A 2004 change allows the oath of allegiance to be administered at overseas military installations and made the entire process free, she said.
“Each group seems to be getting bigger,” said Jose Olivares, South Korea-based officer-in-charge attache to the U.S. Citizenship and Immigration Services. “We definitely want to get the word out.”
Servicemembers qualify by filling out three forms and demonstrating good moral character, English language skills, knowledge of U.S. history and government and loyalty by taking the oath. In some cases, they also must be a permanent U.S. resident and have served honorably in the military for at least a year.
The biggest boon to citizenship is the VA benefits, Olivares said.
“I’ve seen non-citizens who served in the military 18 years, doing the same jobs as a citizen. The benefit is there … why shouldn’t they take advantage of it?” Olivares said. “But it’s an individual choice.”
According to the Immigration Services Web site, more than 26,000 troops have become U.S. citizens through the program, but more than 40,000 others are eligible.

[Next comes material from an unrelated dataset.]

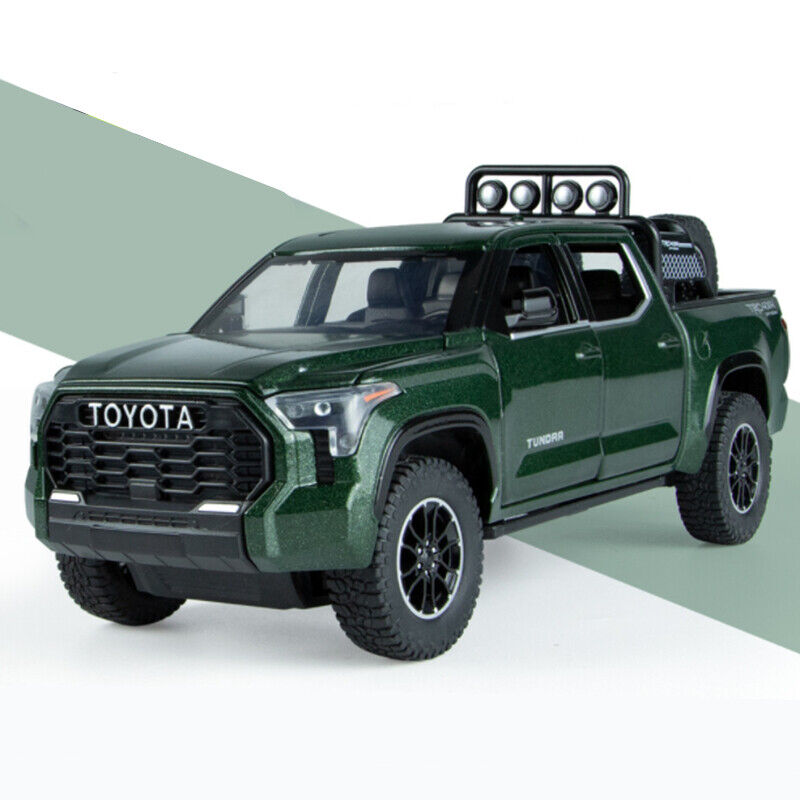 1:22 Toyota Tundra Diecast Model Car Pickup Vehicle Toy Sound Light Collection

Possible reason why someone wouldn’t choose citizenship is to return to their home country and buy property, said Petty Officer 1st Class Carlo Garcia. He became an American on Friday after a dozen years in the Navy because of the benefit to his family, he said.
“When it’s time to return to the States, it’s going to be easier on my kids to get there if we’re American,” Garcia said.